# [What to produce]
Return the lines of the data below starting at the one holding "High Waisted-Jeans mit" and ending at the one holding "Sakura Boutique Hotel", word for word, leaving every picture out.

# [Listed records]
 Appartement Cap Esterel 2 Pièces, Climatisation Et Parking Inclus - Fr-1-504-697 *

==

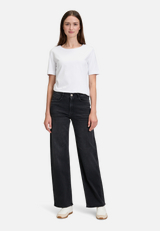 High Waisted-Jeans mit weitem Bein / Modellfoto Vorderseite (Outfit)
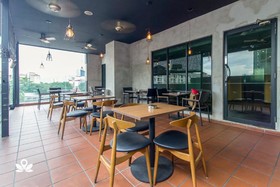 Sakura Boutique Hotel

--

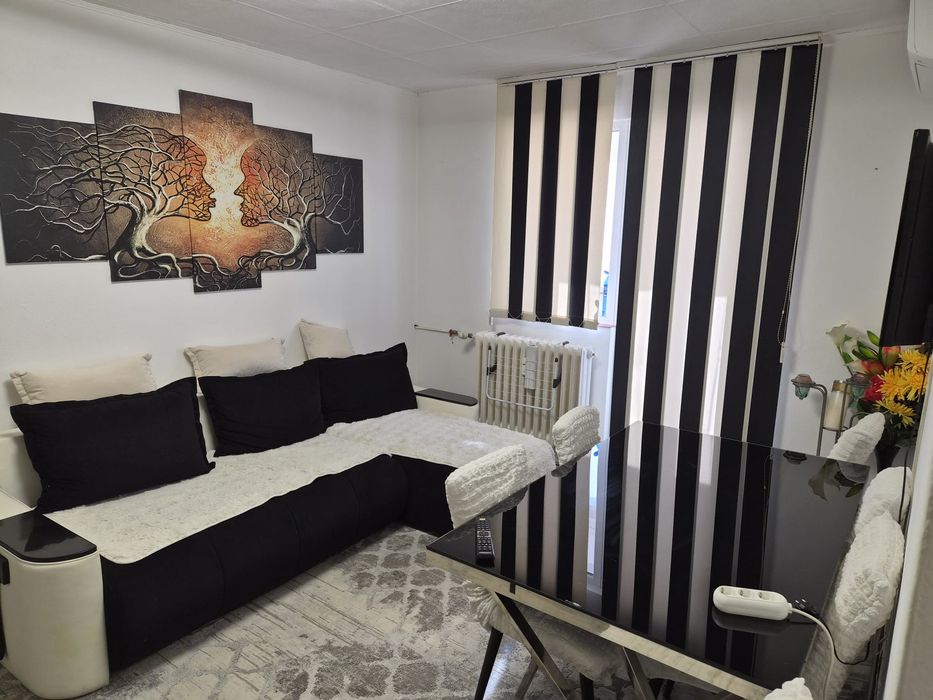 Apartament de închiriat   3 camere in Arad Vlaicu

# [Response box]
 High Waisted-Jeans mit weitem Bein / Modellfoto Vorderseite (Outfit)
 Sakura Boutique Hotel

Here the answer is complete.